### WHAT THE EXERCISE ASKS
Only the lines from the one containing "Ansichtskarte Aachen Trimborner" through the end of the data below are to be repeated, exactly as given, without pictures.

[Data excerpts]
BEGIN
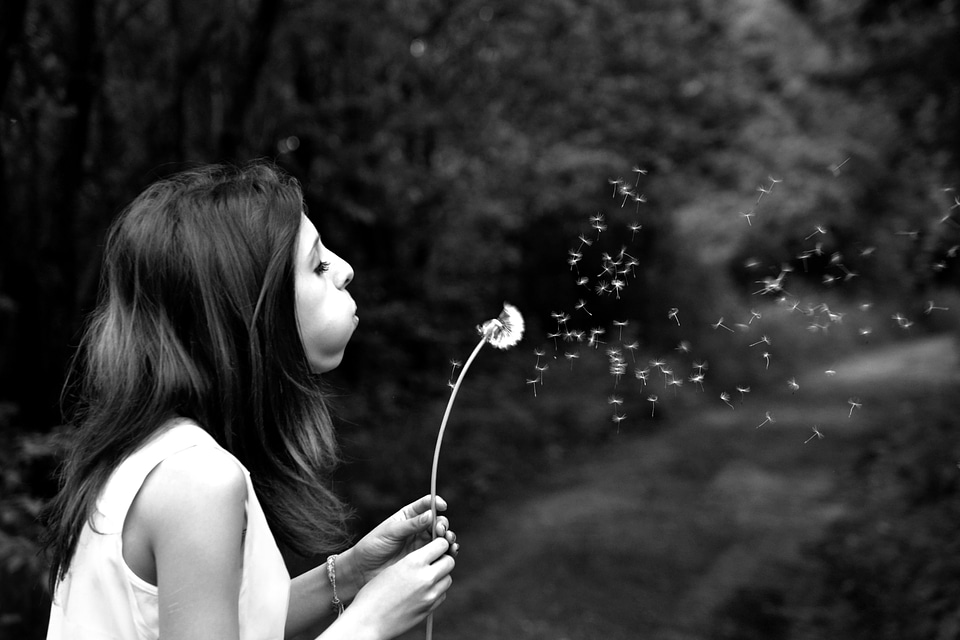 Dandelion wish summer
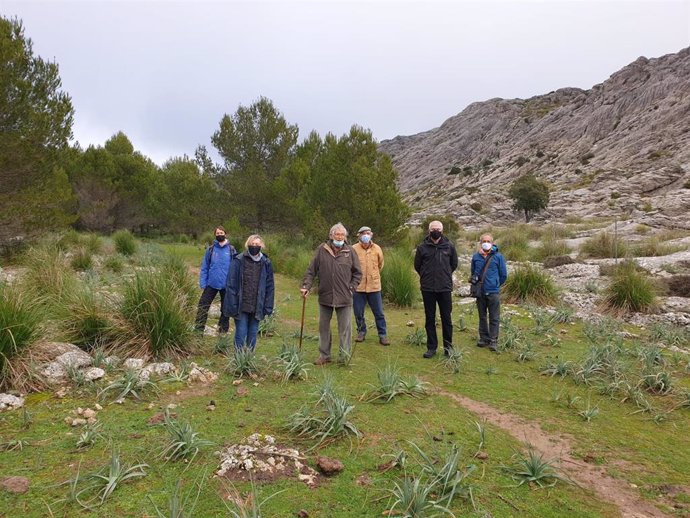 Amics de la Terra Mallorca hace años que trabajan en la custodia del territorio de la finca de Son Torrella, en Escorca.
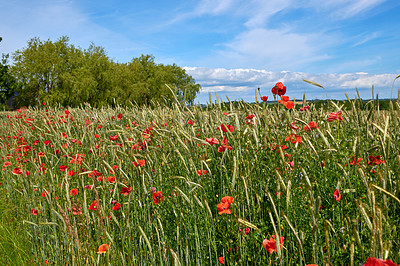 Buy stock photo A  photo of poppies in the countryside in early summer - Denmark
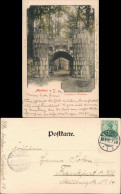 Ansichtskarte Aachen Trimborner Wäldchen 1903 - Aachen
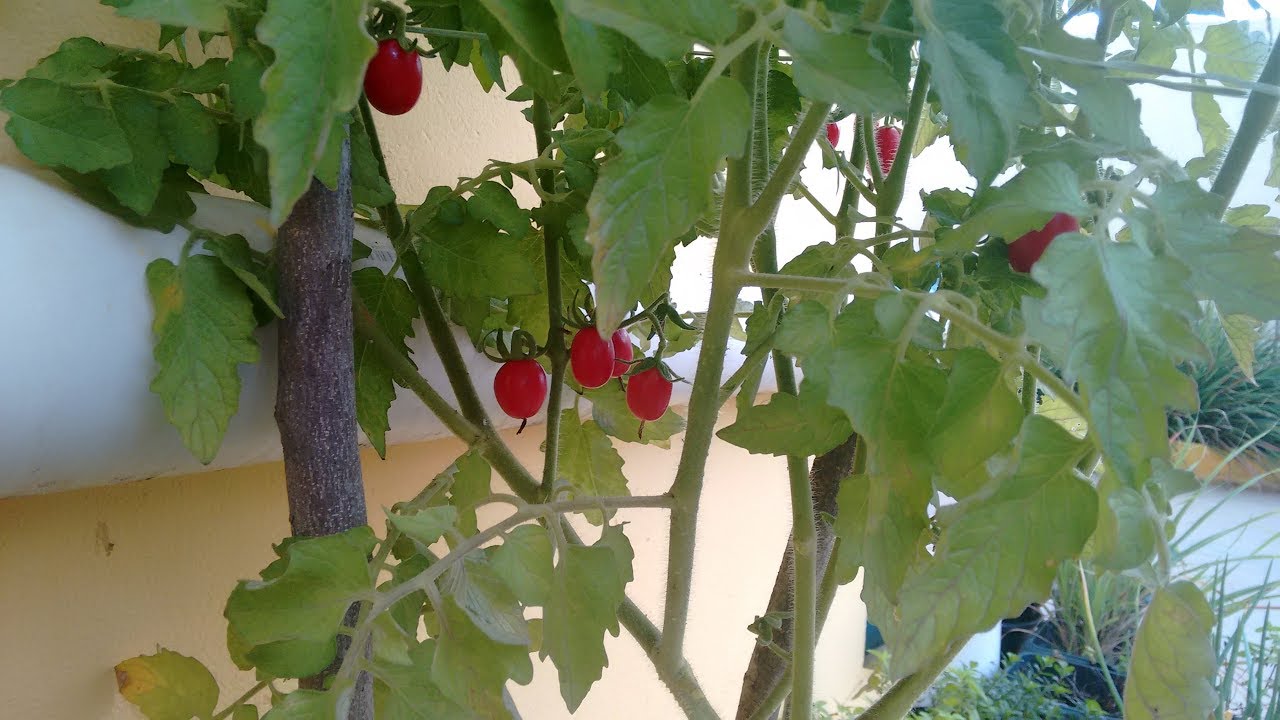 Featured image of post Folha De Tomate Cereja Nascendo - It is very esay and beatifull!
END
### WRITTEN SOLUTION
 Ansichtskarte Aachen Trimborner Wäldchen 1903 - Aachen
 Featured image of post Folha De Tomate Cereja Nascendo - It is very esay and beatifull!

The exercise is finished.